ドラマ【科捜研の女】
- カテゴリ:テレビ
- 2013/12/13 16:19:50
【感想】お気づきでしたでしょうか。今回は実は誰も死んでいないのです。事件は寺社への放火と、25年前の仏像損壊の2つで、人的被害はなかったんですね。損壊の冤罪はありましたけども、それだって警察には届けられていないですしね。人の死というのは、それが自然死でもただごとではない上、殺人となるといやがおうにもドラマチックになってしまいます。つまりお話が作りやすい。それに比べ、殺人のない刑事物はなかなかドラマチックにするのは難しいです。しかし今回はなかなか面白い展開でした。前にも書きましたが、何故か科捜研の今シーズンは面白い作品が多く、今回もその例に漏れず、といったところでしょうか。
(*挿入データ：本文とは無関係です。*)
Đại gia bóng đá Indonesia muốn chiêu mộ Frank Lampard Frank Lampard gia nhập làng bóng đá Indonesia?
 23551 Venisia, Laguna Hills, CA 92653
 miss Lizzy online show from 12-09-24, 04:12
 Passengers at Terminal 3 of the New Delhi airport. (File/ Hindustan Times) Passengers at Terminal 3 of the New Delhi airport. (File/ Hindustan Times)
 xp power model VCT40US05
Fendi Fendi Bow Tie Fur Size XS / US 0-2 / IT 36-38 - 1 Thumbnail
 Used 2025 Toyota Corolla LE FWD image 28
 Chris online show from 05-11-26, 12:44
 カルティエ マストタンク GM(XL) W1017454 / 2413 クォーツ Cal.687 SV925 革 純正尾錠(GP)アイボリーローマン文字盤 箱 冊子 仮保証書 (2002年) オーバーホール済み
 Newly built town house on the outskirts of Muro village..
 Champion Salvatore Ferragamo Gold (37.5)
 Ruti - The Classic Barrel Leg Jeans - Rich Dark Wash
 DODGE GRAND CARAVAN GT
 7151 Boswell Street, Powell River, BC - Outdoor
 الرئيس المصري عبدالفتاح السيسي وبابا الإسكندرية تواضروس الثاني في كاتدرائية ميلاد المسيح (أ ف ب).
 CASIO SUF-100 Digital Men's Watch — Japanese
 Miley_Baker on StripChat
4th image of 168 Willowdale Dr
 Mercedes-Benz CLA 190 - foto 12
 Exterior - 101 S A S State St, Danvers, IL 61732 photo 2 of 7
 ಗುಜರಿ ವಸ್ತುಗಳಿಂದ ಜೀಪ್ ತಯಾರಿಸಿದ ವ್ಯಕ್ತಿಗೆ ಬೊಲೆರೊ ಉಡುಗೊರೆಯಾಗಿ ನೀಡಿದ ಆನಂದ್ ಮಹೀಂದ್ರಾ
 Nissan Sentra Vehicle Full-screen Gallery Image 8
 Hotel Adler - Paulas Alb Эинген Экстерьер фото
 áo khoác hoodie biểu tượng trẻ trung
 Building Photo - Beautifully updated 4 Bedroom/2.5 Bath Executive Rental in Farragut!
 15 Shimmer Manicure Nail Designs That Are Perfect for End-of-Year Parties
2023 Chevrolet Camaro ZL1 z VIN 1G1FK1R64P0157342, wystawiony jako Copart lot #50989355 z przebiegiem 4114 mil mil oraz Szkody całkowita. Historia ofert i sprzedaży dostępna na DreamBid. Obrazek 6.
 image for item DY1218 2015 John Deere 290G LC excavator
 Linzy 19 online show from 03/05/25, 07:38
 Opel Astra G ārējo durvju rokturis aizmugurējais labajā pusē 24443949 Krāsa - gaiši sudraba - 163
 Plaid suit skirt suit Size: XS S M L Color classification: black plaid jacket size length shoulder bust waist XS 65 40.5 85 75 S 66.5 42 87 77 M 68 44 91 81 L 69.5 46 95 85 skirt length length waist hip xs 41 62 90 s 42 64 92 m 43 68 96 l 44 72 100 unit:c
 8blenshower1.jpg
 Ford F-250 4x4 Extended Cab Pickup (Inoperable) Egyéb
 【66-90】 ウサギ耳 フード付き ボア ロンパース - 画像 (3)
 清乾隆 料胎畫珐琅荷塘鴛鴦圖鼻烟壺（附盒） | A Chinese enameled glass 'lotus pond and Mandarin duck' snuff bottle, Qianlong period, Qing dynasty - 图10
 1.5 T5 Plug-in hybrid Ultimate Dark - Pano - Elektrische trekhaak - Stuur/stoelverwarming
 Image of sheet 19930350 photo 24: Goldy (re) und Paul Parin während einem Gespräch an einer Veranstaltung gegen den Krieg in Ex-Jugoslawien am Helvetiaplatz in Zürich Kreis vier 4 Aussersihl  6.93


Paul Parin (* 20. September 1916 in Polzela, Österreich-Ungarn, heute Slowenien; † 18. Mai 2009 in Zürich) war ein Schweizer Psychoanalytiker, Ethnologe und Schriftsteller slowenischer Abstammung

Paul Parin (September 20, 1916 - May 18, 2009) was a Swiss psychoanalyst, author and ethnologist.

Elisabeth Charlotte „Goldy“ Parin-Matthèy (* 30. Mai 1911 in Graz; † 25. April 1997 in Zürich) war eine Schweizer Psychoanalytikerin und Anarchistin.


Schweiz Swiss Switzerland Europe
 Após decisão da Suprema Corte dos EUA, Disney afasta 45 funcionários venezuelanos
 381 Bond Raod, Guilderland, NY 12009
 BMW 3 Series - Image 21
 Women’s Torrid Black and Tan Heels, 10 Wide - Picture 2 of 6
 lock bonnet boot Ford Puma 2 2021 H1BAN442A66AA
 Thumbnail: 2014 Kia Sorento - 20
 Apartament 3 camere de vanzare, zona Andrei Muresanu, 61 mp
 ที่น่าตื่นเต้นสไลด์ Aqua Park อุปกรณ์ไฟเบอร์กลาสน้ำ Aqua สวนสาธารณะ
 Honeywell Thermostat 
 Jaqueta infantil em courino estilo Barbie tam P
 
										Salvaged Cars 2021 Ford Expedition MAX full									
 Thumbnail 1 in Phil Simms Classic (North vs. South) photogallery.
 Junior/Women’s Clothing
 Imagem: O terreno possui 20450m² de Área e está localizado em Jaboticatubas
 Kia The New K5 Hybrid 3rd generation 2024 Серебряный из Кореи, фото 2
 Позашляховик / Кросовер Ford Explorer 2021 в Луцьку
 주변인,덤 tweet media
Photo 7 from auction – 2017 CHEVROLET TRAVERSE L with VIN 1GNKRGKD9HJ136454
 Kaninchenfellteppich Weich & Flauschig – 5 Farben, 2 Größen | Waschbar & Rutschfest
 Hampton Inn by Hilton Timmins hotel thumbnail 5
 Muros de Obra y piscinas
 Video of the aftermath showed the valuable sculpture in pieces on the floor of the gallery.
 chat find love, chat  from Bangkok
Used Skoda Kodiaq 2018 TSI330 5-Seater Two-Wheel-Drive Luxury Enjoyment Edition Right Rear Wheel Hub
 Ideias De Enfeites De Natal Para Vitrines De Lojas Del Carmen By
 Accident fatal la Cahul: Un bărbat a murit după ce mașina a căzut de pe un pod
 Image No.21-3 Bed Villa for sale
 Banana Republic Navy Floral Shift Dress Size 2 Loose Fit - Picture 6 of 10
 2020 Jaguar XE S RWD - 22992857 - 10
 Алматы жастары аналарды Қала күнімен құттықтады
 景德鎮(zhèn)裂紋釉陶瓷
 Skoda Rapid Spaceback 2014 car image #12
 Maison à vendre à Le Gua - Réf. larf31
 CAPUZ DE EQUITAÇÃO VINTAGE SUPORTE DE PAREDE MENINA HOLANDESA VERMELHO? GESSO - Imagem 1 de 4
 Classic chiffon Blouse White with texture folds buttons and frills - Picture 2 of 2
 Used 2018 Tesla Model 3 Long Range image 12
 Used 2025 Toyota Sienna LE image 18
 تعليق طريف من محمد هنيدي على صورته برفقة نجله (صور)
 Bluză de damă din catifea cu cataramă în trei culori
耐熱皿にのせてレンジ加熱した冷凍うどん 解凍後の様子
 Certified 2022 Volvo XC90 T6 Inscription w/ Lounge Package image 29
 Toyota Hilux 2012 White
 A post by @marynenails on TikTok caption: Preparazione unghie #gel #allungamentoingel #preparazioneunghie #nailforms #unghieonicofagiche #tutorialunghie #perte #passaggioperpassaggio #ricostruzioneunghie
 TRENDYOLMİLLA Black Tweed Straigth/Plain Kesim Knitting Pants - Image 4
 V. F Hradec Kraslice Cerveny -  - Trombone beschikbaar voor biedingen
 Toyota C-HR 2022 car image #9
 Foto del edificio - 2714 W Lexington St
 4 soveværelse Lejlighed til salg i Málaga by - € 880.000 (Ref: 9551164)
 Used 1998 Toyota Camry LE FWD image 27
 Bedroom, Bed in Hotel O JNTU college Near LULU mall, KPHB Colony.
ある寺に起きた過去と現在の2つの事件を中心に、昔不良少年だった不動産会社の社長と、現在イジメにあっている高校生の少年をうまくオーバーラップさせ、それでいて科捜研が行った大掛かりな科学実験という、主役たちの見せ場もあり、ほんとうまくまとまっていたと思います。ただちょっとだけ苦言を呈するならば、放火犯の高校生が、火が思ったより広がったので自分のジャケットを水に浸して鎮火しようとしたため、火が煽られ風もないのに真上ではなく斜め上の屋根が一番焦げていたとのことでしたが、それだけで斜め上の屋根が一番焦げるかなと思いました。ジャケットで火を叩いてましたが、あれだとさまざまな方向に火が煽られ、一箇所だけがよく焦げるというような状態にはならないんじゃないかと思います。そして最終的に少年はあきらめて逃げたので、それからは真上が一番焦げますよね。細かいことなんですけどねw あともう1点、悪者として出てきた速水が、結局はイジメられている少年を応援していた善人だったというオチでしたけども、それだと境内の枝垂桜が枯れてしまうかもしれないようなマンション建設計画を立てるような人物と、人間性において齟齬が生じるため、最後に桜は「意外としぶとく行き続けるかもしれない」みたいな発言をさせていましたが、あれは余計だったかな。ちょっと無理があるなと思いました。ま、苦言はそのくらいで、ほんとよく出来ていた話だと思います。面白かったです。